Spring Break, in certain circumstances, can create scheduling headaches and even conflicts between divorced parents. Anything that divorcing couples with children can do to ward off conflict in the decree is beneficial, but not even well-crafted decrees can anticipate everything that might come up.
In the Texas Family Code’s standard order provisions, Spring Break parenting time alternates from year to year. For parents opting for the standard possession order, this provision applies:
The possessory conservator shall have possession in even-numbered years, beginning at 6 p.m. on the day the child is dismissed from school for the school’s spring vacation and ending at 6 p.m. on the day before school resumes after that vacation, and the managing conservator shall have possession for the same period in odd-numbered years.
(For parents who elect the expanded possession order, their Spring Break starts at the time the child’s school is dismissed for those vacations.)
Many schools let students out for a full week for Thanksgiving.
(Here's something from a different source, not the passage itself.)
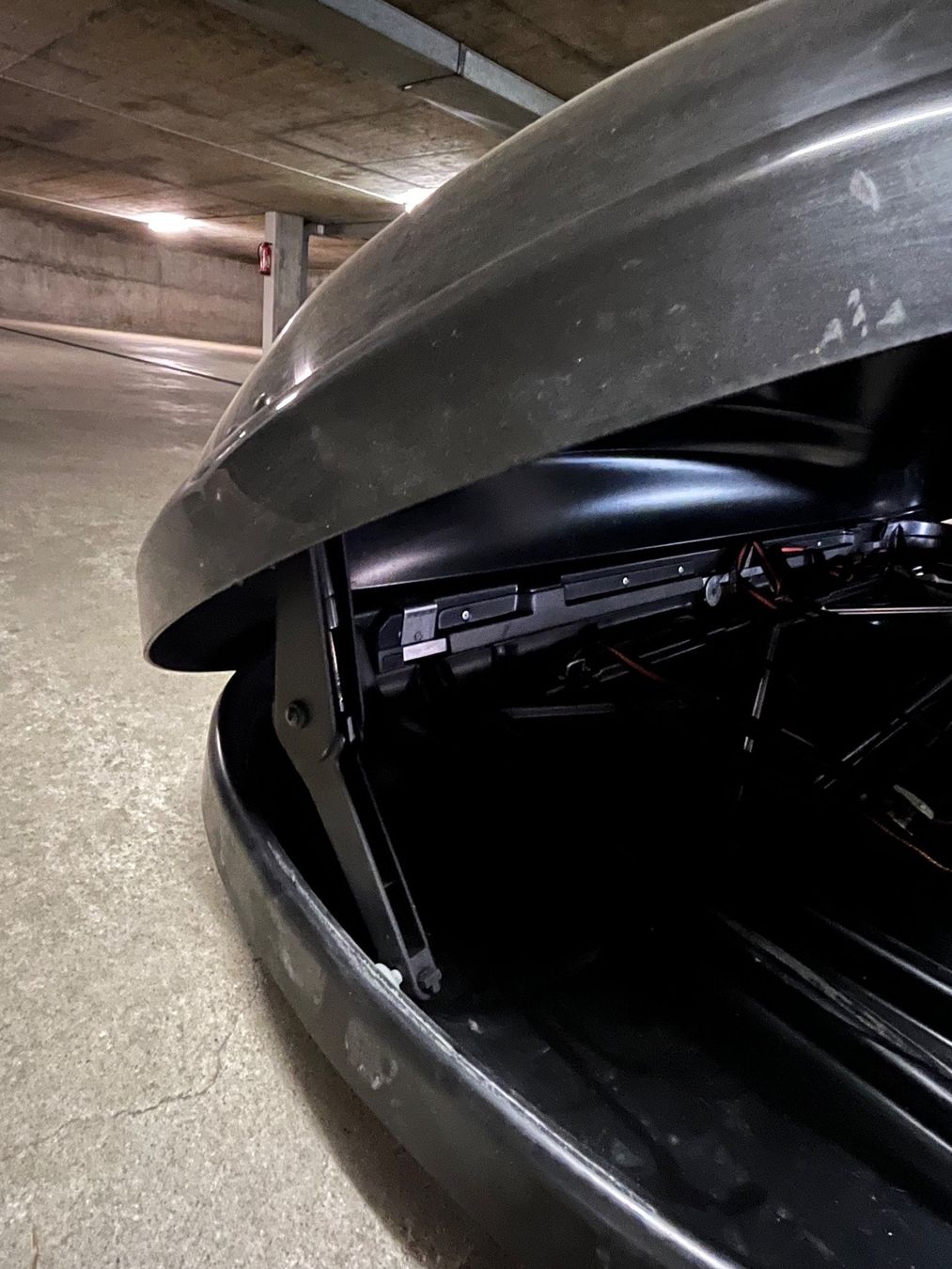 Dachboxen: Mercedes Dackbox inkl Trägersystem – Gebraucht aus Nidau von  3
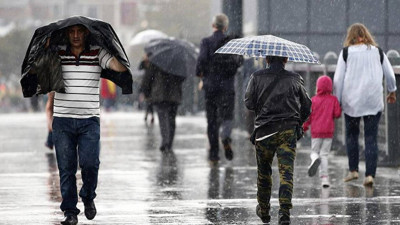 Sıcaklıklar Düştü, Sağanak Geri Döndü: Meteoroloji’den Yağış ve Fırtına Uyarısı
With the Texas Family Code stating that “the possessory conservator shall have possession of the child in odd-numbered years, beginning at 6 p.m. on the day the child is dismissed from school before Thanksgiving (or at the time the child’s school is dismissed for Thanksgiving in the expanded possession order) and ending at 6 p.m. on the following Sunday,” that means that each parent has a week-long school vacation to figure in to the schedule.
For a parent who doesn’t have the flexibility to be off work, accustomed to coordinating with a co-parent on child care coverage, planning and communication is essential – especially if the co-parent might have vacation plans over that particular Spring Break.
One thing to be mindful of, especially if you have children at different schools (for instance, one in private school and one in public school), that they might have different Spring Break schedules, and it will be incumbent on the parents to interpret their decree – unless they want to adopt the impractical solution of allotting parenting time according to each child’s individual Spring Break schedule.
One of the biggest disputes that can come up with parenting time is travel – especially if a child is travelling a long distance or for a significant period of time. If one parent is nervous about the other parent taking their child on a trip, it can manifest in conflict.
Obviously, you want to plan your travel to take place entirely within your allotted parenting time, but if you do want to schedule a flight outside of your parenting time window, you want to make sure you get a trade approved in writing before you book the flight. It’s also best to be upfront about why you want the trade; while the days and times in the decree might prove inconvenient with your travel plans, they are the legally-mandated fallback if you can’t arrive at a documented arrangement that falls outside of that.
As with all matters pertaining to the divorce decree, it’s best to try to anticipate any potential conflicts that could occur down the road as you work with your attorney to prepare it, but know that it might have to be amended down the road to accommodate changing circumstances.
Also know that while the decree is there for when you and your ex disagree, all it takes to override it in a specific situation is for you and your ex to communicate and come to a written agreement (either on paper or in email) spelling it out. Though last-minute emergencies do come up, it’s also best to try to communicate on matters well before the last minute.
Finally, remember that Spring Break is the last extended vacation a child gets before summer arrives. It’s important to make that time special for children – but to also be thinking about summer parenting time schedules and how you’ll handle all the concerns that come with that.